Author: Sol Dolor
Publication: Australasian Lawyer
Publication date: 27/08/18
Publisher: Key Media
Responding to growing demand in an area seen to undergo sweeping legislative changes, Holding Redlich has launched a dedicated procurement practice today.
Partner Scott Alden has been tasked by the national firm to lead the new group. The team includes both construction and infrastructure and corporate and commercial partners.
The rate of change in procurement trends and requirements has never been seen before in the sector, Alden said. He expects to see even more rapid change in the sector.
“We are currently awaiting and preparing for two major legislative changes that are likely to have a far-reaching impact on procurement practices. Modern slavery legislation in NSW is set to be overhauled later this year when the Modern Slavery Act 2018 (NSW) comes into effect,” he added. “A large focus of the Act is ending modern slavery-like practices in organisations and their supply chains by imposing a series of mandatory measures and setting penalties of up to $1.1m.”
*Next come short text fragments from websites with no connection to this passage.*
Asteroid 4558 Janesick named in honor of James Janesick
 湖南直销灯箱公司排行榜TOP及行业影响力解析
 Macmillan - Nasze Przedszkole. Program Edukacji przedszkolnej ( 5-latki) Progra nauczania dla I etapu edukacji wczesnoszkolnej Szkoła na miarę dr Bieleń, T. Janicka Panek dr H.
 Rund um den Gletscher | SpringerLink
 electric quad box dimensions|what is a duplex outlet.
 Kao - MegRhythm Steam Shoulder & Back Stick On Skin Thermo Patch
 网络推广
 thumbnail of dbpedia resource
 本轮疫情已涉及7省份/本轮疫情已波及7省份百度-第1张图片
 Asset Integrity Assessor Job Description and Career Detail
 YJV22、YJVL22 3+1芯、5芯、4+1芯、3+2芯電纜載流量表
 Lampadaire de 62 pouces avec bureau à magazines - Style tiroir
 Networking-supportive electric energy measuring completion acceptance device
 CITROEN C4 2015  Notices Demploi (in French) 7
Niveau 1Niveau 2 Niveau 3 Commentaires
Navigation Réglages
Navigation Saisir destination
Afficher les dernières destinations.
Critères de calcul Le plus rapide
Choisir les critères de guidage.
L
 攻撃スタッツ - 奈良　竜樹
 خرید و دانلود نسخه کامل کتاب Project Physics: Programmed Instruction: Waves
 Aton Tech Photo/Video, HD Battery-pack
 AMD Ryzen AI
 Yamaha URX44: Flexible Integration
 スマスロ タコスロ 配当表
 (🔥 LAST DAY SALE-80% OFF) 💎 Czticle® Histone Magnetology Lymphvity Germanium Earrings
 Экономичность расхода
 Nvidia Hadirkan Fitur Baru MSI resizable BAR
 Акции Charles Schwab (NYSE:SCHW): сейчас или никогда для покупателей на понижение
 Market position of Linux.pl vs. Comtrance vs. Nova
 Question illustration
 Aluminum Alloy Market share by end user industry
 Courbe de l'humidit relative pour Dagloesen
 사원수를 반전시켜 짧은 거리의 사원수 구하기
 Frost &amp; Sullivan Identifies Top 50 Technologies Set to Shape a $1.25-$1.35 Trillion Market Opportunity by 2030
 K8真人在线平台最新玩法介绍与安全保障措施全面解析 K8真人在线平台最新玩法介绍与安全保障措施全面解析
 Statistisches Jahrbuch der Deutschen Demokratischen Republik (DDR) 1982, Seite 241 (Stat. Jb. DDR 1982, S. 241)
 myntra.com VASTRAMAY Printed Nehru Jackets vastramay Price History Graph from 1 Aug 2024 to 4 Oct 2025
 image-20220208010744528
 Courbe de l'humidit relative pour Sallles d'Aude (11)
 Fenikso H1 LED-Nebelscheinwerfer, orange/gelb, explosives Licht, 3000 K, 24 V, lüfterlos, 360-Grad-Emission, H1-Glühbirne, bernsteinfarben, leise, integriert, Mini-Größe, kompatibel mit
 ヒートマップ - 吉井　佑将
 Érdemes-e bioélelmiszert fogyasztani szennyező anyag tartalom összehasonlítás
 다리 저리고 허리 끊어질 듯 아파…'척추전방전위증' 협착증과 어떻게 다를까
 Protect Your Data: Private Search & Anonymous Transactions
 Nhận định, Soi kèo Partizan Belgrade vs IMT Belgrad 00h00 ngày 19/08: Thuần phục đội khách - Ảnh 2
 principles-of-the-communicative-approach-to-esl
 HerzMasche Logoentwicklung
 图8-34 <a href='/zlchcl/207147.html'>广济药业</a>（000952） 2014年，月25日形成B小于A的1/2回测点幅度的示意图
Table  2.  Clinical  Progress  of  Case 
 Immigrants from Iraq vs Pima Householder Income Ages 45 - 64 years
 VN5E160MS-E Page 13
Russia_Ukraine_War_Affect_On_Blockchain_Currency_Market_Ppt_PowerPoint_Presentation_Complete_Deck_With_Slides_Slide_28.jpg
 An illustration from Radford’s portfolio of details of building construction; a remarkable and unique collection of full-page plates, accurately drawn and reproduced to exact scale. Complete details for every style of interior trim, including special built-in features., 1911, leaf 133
Holding Redlich said that the federal government’s Government Procurement (Judicial Review) Bill 2017 sets out other significant changes to procurement practices.
“We are seeing so many changes coming through in this sector. And as well as the formal legislative reform, there is also increased pressure on business to conduct procurement using sustainable processes,” he said. “Times have changed and both public and private organisations must now be acutely aware of the consequences of choices they make regarding what to buy, how to buy it and who to buy it from.”
Procurement decisions are being increasingly made by senior management or executive team members, he added.
“These are important decisions that are now often being made at senior executive level – but navigating this area is becoming more complex and high-stakes,” he said. “As demand for advice about this area has grown, we decided it was time to set up a dedicated team.”